Michael Ignatieff: The lesser Evil?

Written by Derrick O’Keefe

Reviewed by Ian Beeching

Derrick O’keefe’s new book Michael Ignatieff: The lesser evil? sheds light on the ill-fated political life of the Liberal leader responsible for bringing Canada’s longest ruling party of the elite to its knees. In this witty and controversial read O’Keefe holds no punches. With a plethora of contradictory and morally dubious material to draw from, one almost feels pity for the former Liberal leader. All feelings of sympathy are soon washed away when we are reminded of Ignatieff’s prominent role in intellectualizing the murderous drive to war that has defined the last decade.

This delightful read is short and to the point. It is neither a biography nor an analysis of Canadian liberalism; however it pointedly draws on both. With the attack advertisements about Ignatieff’s long absence from Canada fresh in the readers’ mind, O’Keefe explores the former leader’s political evolution while abroad. From his dabbles with social democracy through to self-proclaimed advocate of American empire, we are shown the blue blood of this descendant of Russian aristocrats.

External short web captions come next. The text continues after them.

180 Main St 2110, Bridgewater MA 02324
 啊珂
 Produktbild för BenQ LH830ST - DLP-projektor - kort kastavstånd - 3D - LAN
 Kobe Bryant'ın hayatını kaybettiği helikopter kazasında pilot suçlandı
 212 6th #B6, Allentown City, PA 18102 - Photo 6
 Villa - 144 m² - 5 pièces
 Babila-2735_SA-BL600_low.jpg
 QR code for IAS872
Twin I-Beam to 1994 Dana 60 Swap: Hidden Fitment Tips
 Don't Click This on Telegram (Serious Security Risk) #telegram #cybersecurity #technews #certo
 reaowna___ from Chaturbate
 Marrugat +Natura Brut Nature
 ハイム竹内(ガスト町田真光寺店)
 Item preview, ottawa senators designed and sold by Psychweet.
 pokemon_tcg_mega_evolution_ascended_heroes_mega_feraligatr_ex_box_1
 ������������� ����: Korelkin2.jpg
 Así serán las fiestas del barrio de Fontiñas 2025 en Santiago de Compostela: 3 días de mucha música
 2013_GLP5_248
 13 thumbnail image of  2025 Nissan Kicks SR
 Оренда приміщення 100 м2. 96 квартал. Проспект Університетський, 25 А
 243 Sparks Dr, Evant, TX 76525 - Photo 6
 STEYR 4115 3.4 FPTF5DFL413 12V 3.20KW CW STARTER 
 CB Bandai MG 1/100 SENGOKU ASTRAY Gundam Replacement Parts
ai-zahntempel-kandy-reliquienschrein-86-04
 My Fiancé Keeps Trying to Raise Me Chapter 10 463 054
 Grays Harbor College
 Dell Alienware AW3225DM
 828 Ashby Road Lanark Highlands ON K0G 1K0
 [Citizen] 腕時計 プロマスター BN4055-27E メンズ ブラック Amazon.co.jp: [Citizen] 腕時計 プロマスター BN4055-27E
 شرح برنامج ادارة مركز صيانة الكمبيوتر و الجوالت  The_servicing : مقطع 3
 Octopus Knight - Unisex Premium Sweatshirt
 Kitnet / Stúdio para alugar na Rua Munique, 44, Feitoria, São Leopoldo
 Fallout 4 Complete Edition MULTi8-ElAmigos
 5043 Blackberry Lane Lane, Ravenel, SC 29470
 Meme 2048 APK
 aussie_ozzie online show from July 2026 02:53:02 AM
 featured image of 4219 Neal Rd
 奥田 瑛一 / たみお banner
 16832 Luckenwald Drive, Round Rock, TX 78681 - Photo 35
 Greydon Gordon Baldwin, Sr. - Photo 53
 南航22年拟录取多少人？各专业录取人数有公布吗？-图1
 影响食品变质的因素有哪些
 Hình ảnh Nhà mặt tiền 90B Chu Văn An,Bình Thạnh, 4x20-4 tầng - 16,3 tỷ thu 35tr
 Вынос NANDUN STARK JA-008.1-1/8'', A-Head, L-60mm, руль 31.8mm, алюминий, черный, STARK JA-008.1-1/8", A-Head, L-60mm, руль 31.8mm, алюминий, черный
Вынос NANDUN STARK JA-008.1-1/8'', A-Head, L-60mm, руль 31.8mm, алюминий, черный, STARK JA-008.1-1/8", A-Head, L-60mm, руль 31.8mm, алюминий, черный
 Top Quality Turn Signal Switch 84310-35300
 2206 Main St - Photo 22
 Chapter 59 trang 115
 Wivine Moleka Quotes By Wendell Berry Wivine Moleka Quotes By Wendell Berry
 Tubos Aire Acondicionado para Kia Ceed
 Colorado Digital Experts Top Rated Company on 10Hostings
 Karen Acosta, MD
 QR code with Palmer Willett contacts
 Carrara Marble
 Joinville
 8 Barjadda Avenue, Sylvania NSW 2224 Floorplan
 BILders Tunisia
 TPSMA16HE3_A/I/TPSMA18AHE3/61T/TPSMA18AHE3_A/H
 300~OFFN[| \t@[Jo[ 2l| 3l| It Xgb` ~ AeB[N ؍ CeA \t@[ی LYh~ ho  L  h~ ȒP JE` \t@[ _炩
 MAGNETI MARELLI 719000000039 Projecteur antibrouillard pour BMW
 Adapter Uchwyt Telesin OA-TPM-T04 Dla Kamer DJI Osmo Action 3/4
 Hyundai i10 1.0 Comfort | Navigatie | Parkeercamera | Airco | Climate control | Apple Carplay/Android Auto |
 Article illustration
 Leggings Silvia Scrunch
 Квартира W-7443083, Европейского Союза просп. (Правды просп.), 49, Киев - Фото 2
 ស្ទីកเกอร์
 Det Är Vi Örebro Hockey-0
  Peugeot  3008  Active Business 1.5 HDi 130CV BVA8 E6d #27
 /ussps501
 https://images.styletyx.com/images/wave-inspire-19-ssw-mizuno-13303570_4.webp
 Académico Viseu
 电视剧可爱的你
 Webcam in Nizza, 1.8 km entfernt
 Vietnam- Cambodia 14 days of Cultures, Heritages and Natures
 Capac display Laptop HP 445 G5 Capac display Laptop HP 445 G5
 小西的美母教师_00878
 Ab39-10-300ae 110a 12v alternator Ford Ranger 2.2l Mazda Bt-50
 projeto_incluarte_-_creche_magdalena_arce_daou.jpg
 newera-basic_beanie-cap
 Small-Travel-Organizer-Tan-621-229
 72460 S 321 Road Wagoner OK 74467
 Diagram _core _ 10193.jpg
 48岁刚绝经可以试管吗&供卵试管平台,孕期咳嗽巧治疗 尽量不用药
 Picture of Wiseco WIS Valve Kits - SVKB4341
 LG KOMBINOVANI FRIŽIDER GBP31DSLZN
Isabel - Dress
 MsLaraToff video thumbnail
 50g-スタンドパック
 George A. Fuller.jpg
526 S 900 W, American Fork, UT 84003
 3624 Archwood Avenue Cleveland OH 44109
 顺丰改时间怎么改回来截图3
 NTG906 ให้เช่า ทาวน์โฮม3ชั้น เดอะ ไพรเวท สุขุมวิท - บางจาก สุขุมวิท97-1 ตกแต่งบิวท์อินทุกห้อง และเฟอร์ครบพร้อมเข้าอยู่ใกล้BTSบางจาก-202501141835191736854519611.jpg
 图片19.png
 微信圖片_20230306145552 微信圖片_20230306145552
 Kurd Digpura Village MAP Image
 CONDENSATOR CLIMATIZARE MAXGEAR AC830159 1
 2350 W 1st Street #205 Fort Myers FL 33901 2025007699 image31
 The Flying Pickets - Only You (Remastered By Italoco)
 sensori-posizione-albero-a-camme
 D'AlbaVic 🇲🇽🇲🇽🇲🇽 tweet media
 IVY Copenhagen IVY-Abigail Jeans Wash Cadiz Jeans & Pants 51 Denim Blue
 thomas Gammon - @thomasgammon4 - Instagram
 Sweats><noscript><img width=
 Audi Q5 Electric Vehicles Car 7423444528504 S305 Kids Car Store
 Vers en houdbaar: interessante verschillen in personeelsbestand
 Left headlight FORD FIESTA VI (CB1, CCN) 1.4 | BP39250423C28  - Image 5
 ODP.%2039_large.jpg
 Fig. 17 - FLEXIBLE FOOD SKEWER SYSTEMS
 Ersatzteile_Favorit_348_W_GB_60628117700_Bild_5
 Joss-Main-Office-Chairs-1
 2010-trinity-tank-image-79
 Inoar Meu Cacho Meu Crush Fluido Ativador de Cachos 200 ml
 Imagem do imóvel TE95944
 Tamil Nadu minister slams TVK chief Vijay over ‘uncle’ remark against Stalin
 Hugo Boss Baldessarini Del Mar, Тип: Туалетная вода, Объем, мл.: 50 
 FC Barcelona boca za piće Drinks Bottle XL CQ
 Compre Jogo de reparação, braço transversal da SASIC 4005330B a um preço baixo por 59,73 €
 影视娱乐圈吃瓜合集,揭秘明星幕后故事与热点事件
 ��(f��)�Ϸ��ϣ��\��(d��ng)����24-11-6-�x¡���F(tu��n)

Ignatieff was seen as a trail-blazer when he defined Israel as apartheid, but his dishonesty is brought to light in his about-face when he referred to supporters of the same analogy as anti-Semites. Ignatieff attempts to apologize for his position on the Iraq War in what O’Keefe describes as a “self serving misdirection,” full of name-dropping and “passing the buck” when compared to the former leader’s multiple flip flops on the Palestine-Israel conflict.

O’Keefe’s roots as an antiwar and environmental activist are obvious in his writing.

Most of the criticism of Ignatieff’s political positions as leader of the Liberal Party focus on his taste for warmongering and supporting the Tar Sands. The author appropriately highlights Ignatieff’s defining policies, especially in respect to his unwavering support of the Harper government’s war efforts. After reading this book, the average reader would hardly be able to differentiate Harper from Ignatieff, but for the latter’s historic failure.

At times O’Keefe takes cheap shots at Ignatieff by highlighting his poor knowledge of hockey and his analogy of NASCAR as an “American” sport. The author makes no attempt to try to explain the dramatic shift in Canadian politics that lead to Ignatieff’s embarrassing defeat, but instead he gives us a glimpse at the best and brightest of bourgeois leadership in an era of capitalist crisis and decay.